First, the analysis of why conditioning delivery of files on payment of copying expenses is void under Rule 3-700 applies as forcefully to the copying provision of Rule 3-500. Rule 3-700 invalidates such a fee provision because it is not supported by consideration: the attorney is already obligated by law to turn over the client's file so the provision is illusory. Kallen v. Delug, supra, 157 CA3d 940, 950. Since Rule 3-500 requires an attorney to give clients copies of significant documents during the representation, a fee provision that conditions delivery on the advance payment of copying costs also lacks consideration and, therefore, is illusory.
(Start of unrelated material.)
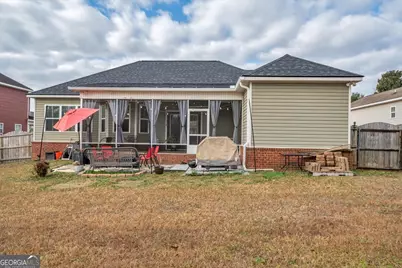 216 Piedmont Lane, Bonaire, GA 31005 - Photo 50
Second, the rationale behind both rules is the same: to prevent prejudice to the client. See, Rule 1-100(A). An attorney's failure to give clients copies of significant documents, such as those with time limits, during representation is as detrimental as an attorney's failure to turn over clients' files upon termination because clients cannot protect themselves "in the dark." See, B&P Code §6068(n) and Rule 3-700, Discussion. "Where the reason is the same, the rule should be the same" (Civ. Code §3511); "[t]he law respects form less than substance" (Civ. Code §3528).
Based on the foregoing analysis, we conclude that an attorney must give the client a copy of significant documents throughout the course of the attorney's representation whether or not the client has paid for them. Any provision in a fee agreement to the contrary is void as contrary to public policy. The attorney's recourse is to recover the copying charges after the representation terminates if the fee agreement authorizes them and the client fails to pay them. See, Rule 3-500, Discussion.
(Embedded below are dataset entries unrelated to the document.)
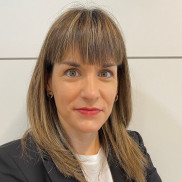montse.jpg Montse González Parramon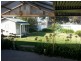Lalor VIC 3075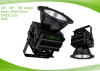 IP65 400W LED Floodlights with CREE LED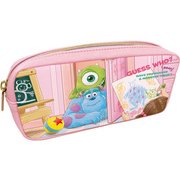 限定 ペンケース DCDR/MI S1415719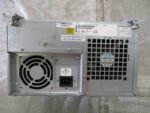 Siemens 6AV7704-2BB10-0AC0 Simatic Panel PC 870 Computer 120-230VAC *Tested* - Image 9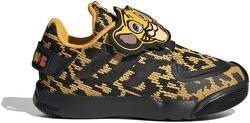 Chaussure Disney Simba Lion King ActivePlay-adidas Sportswear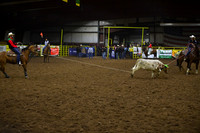 DONNELLY-ANDERSONDSC_1000.JPG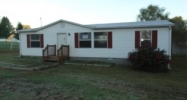 1517 Slaydenwood Rd Cumberland Furnace, TN 37051 - Image 16098339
(1) For the purpose of this Opinion, "client" refers to a present or former client or the client's new attorney when acting at the direction of the client.
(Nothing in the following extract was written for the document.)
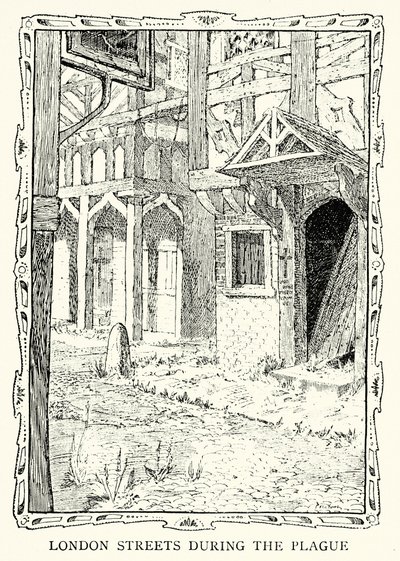  af Patten (after) Wilson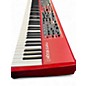 Used Nord HA88 STAGE II Stage Piano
(2) The Attorney's Oath, set forth in Business and Professions Code section 6068, provides:
It is the duty of an attorney to do all of the following:
. . . .
(n) To provide copies to the client of certain documents under time limits and as prescribed in a rule of professional conduct which the Board shall adopt.
(3) Such costs must in any event be reasonable. See, Vapnek, P., et. al, California Practice Guide: Professional Responsibility (The Rutter Group 2000) §5:561.
(4) We do not address the issue of whether a client's request for additional copies of documents after the attorney has already given the client one copy is reasonable.
Disclaimer: This opinion was issued by the Legal Ethics Committee of the San Diego County Bar Association. It is advisory only and is not binding upon any member of the SDCBA, any other member of the State Bar of California, the State Bar of California or its Board of Governors, or any persons or tribunals charged with regulatory responsibilities. The SDCBA, its officers, directors, agents, and the Legal Ethics Committee members assume no responsibility or liability in rendering this opinion.